I’ve been thinking a lot lately about renewal.
It started a couple of weeks ago at the initial public offering of General Motors, on 18 November. I was in the back of the huge crowd on the NYSE trading floor; with a magnifying glass you might be able to see me doing a "Where's Waldo" in this photo, at the upper left amid the sea of news photographers.
That was one intense morning on the trading floor. One of those the-world-is-watching moments. Everyone was “on,” everyone was wearing their game face, everyone knew how important it was that everything go right. And it did.
I can’t remember that level of absolute purposefulness since, perhaps, the reopening of NYSE on 17 September 2001, the first trading session after the 9/11 attacks. That got me thinking about the importance of GM’s story to America, and perhaps worldwide. The rebirth of an industrial icon, one of the greatest names in the history of business. The restorative power and flexibility of our economic system, that such a company could go through restructuring and re-emerge newly positioned for the future. Following a long, deep and global recession, this was some welcome good news, a sign that better times may yet return, a comeback story.
President Obama said later that day, in part:
"…This is a country of optimistic and determined people who don’t give up when times are tough. We do what’s necessary to move forward.
"So these last two years haven’t been easy on anybody. They haven’t been without pain or sacrifice, as the tough restructuring of GM reminds us. And obviously we’ve still got a long road ahead and a lot of work to do – to rebuild this economy, to put people back to work, to make America more competitive for the future and to secure the American Dream for our children and our grandchildren.
"But we are finally beginning to see some of these tough decisions that we made in the midst of crisis pay off. And I’m absolutely confident that we’re going to keep on making progress. I believe we’re going to get through this tougher and stronger than we were before. Because just as I had faith in the ability of our autoworkers to persevere and succeed, I have faith in the American people’s ability to persevere and succeed. And I have faith that America’s best days and America’s -- and American manufacturing’s best days are still ahead of us."
What better setting for the re-start of those “best days” than the transformed New York Stock Exchange trading floor. It was all around me that morning, the things we’ve been talking about for months, a renewed business in full:
Duncan Niederauer told an interviewer that the GM offering highlighted this year’s return of equity capital raising, a core component of NYSE Euronext’s role in the economy. He said the offerings in just October and November this year would top those of full-year 2008 and 2009 combined.
And the final element of the renewal theme today: A few days later, I get a call telling me to get ready for the launch of NYSE Exchanges, our new blogging platform.

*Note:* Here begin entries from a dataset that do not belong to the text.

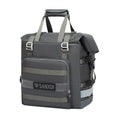 Large Capacity Mountain Bicycle Single Double Side Carrier Bag Easy Installation Waterproof Handbag New Bike Rear Rack Saddlebag
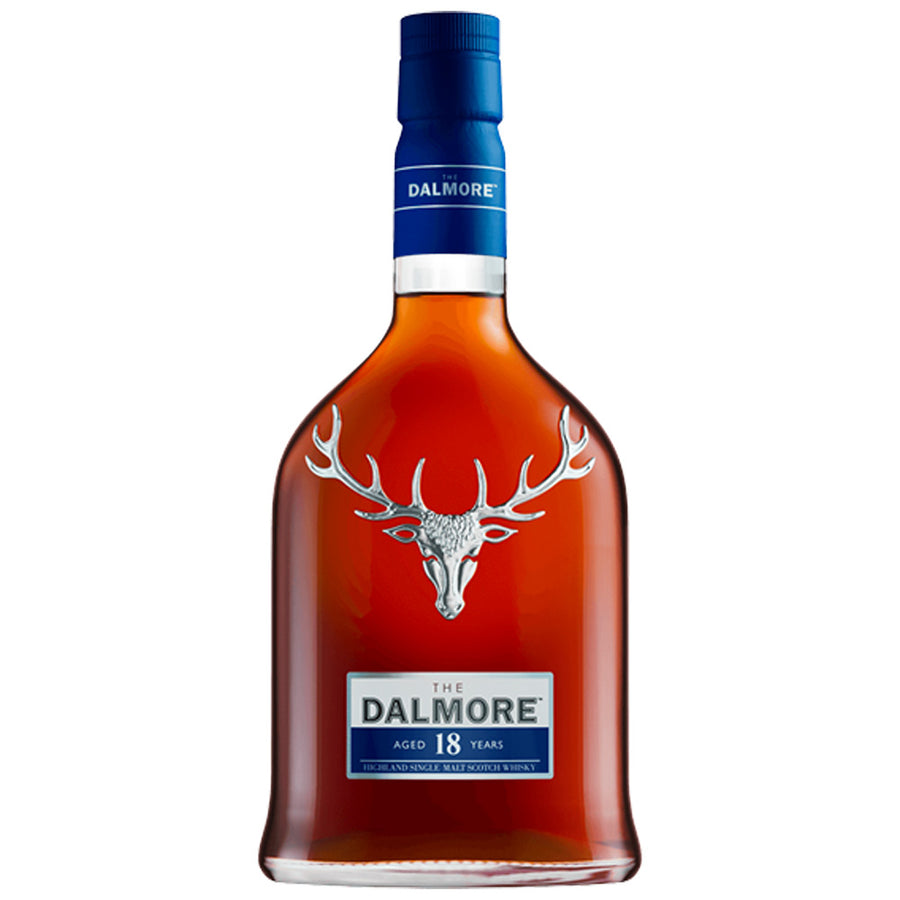 Dalmore 18yr Single Malt Scotch
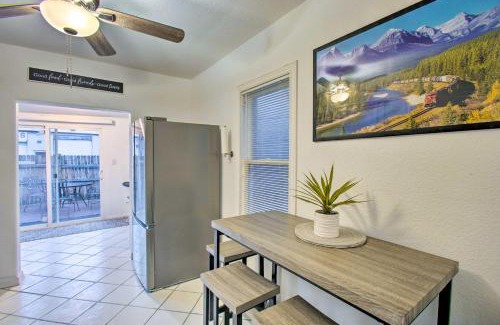Berkeley Casa | Walk to Tennyson Shops and Eateries Denver Hideaway
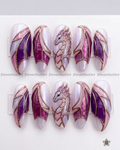 Ethereal Dragon Wings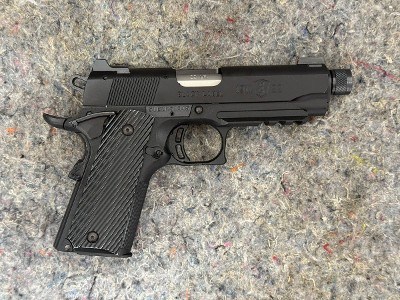 BROWNING BLACK LABEL 1911 22 Long Rifle (22LR)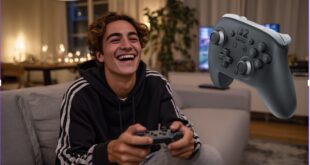 manette switch 2 pro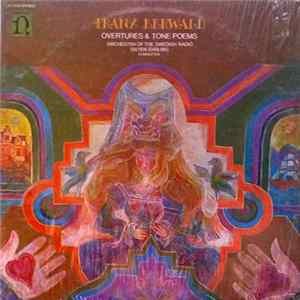 FLAC Franz Berwald - Orchestra Of The Swedish Radio, Sixten Ehrling - Overtures & Tone Poems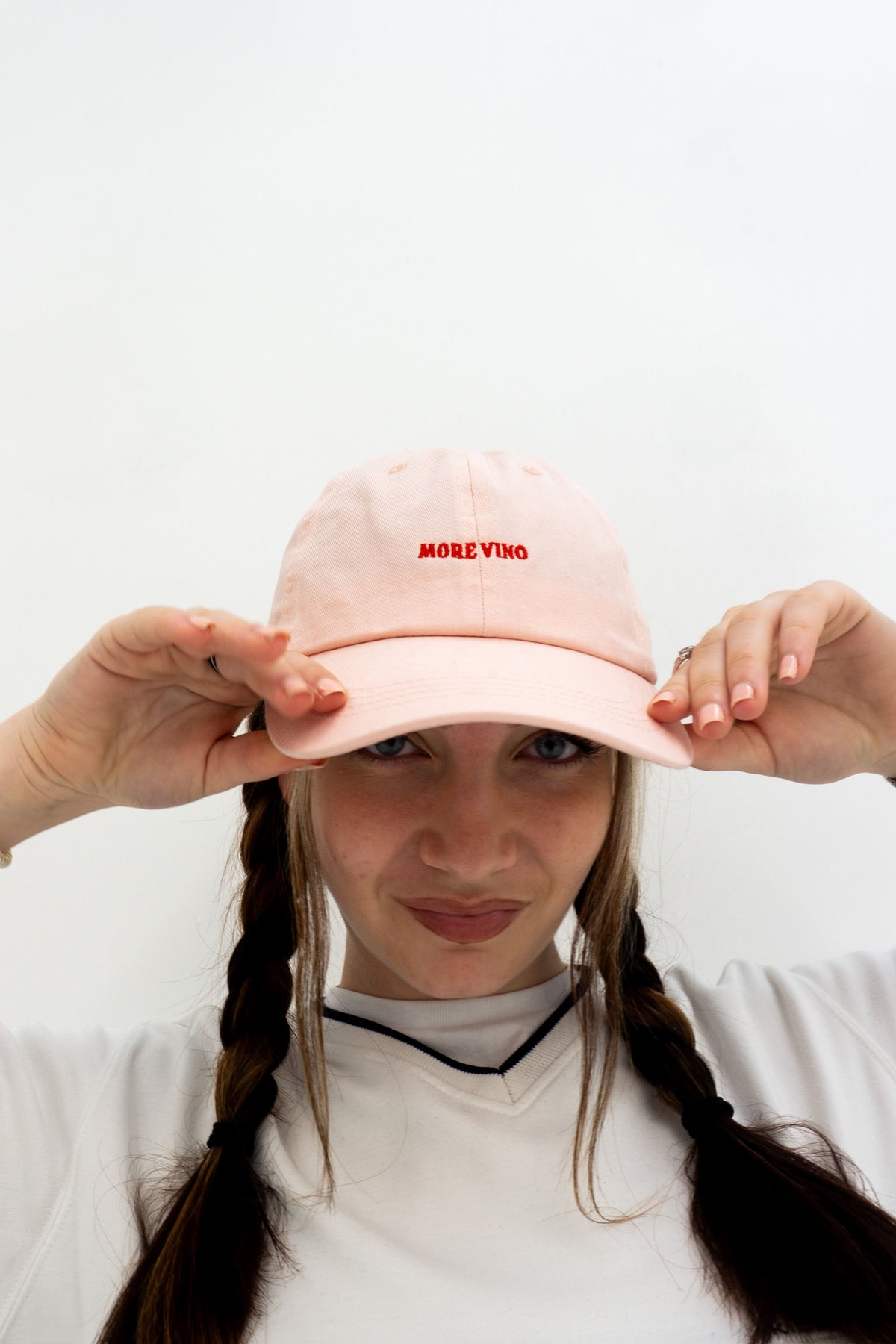 CAPS – Proper Good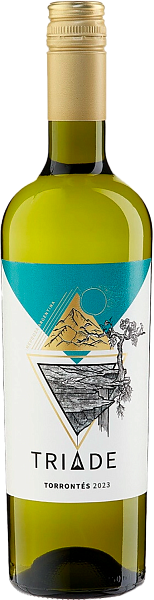 Triade Torrontes Mendoza, 0.75 л в Волгограде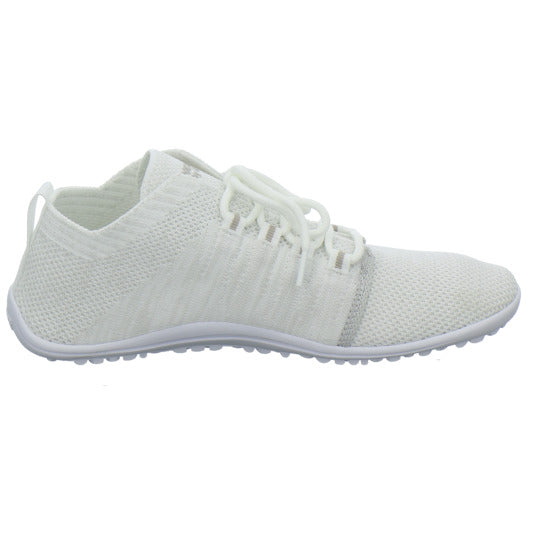 Dockers Schnürhalbschuhe Weiß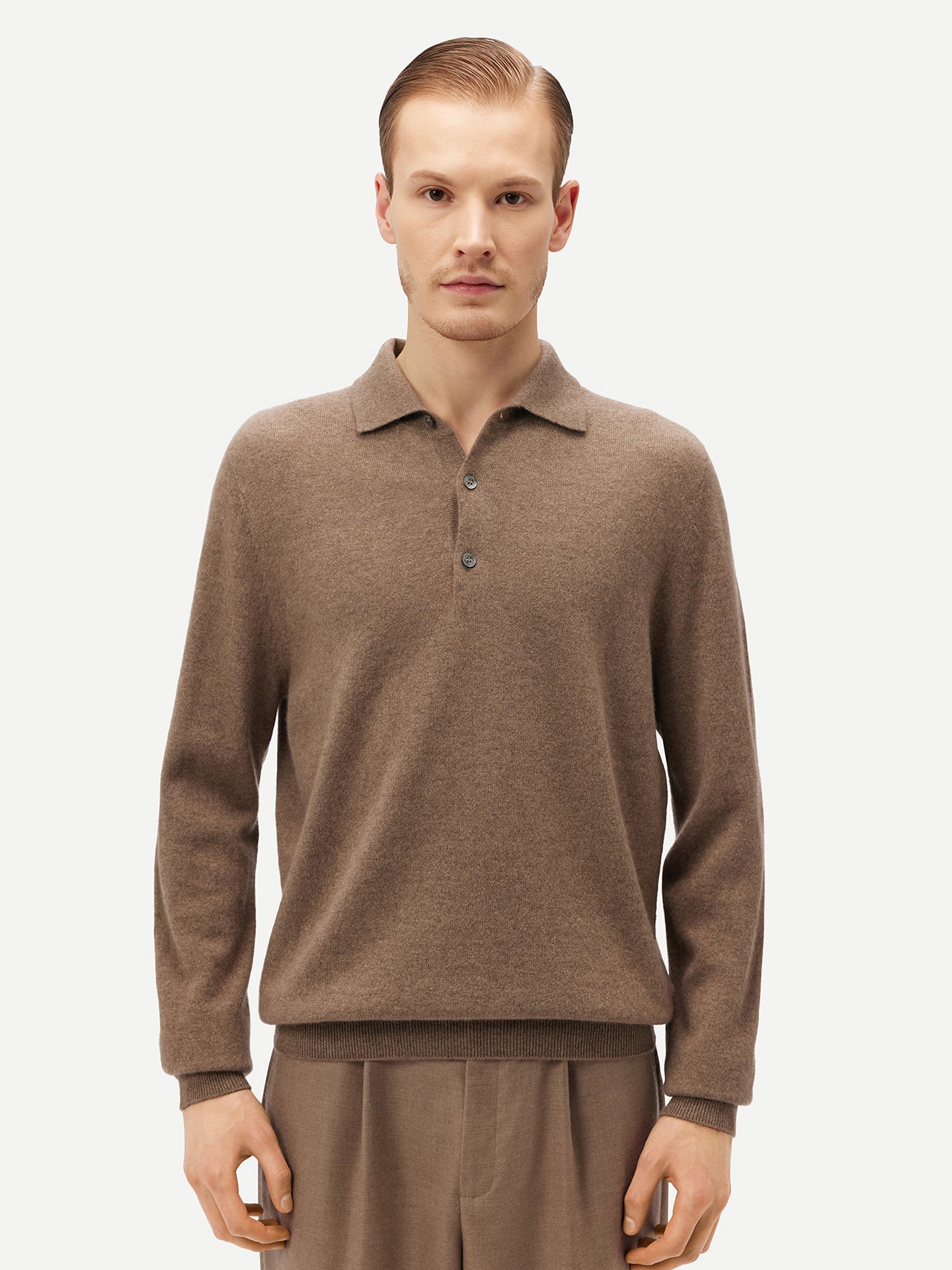 Gobi cashmere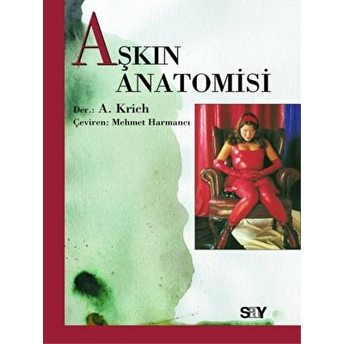 Aşkın Anatomisi A. Kirch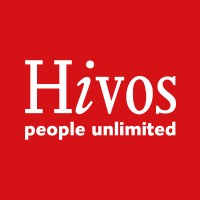 Hivos logo - Similar company to Snv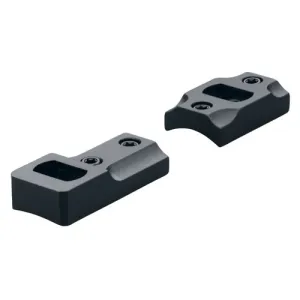 LEUPOLD DD Rem 700 2PC Gloss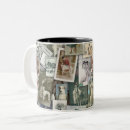 Search for borzoi coffee mugs Greyhound
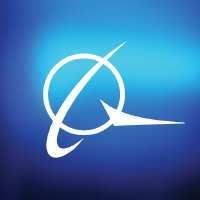 Logo de Boeing (BCO).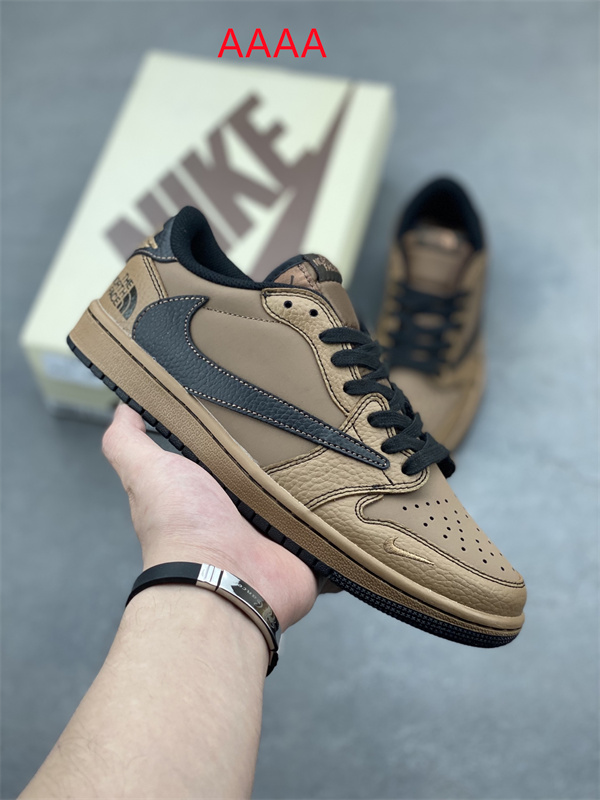 Jordan1(AAAA)-W(Low)-1357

Making a change is always a little scary-exciting, but I learned when we first started blogging five years ago, 5 December 2005: come on in, the water’s fine. We’ve always enjoyed – and have deeply grateful for – incredibly strong support for blogging, from both inside and outside the company.
My own blog on this new venue is called Open Interest. Here’s how I describe the focus (and myself) in the blog bio:
"Been doing PR here since 1988, blogging since 2005. Open Interest explores the transformation of markets, from how stuff works to transparency, diversity, community, advocacy and more."
Oh, and about the passport photo of me at the top of this post: See? I haven’t been lying about the nose all this time!
I think the best part of this new platform will be the ability to bring out more of my ECs (expert colleagues) from across the diverse businesses of NYSE – equities trading and listing, derivatives, technologies – and have them talk directly with our community about their respective areas. This should make for tremendously robust conversations.
When I first interviewed to join this company nearly 23 years ago, the HR recruiter told me that no matter my role, I would be expected to be the best person in that role anywhere in the business. That’s some expectation, but it has always stayed with me, and I see it embodied by so many of my colleagues, in so many places around the company, that it’s convinced me that it’s our true competitive edge. If we can bring to the global discussion of markets and technologies even a bit of the expertise and vision I see around me every day, it’s going to be one heckuva dialogue.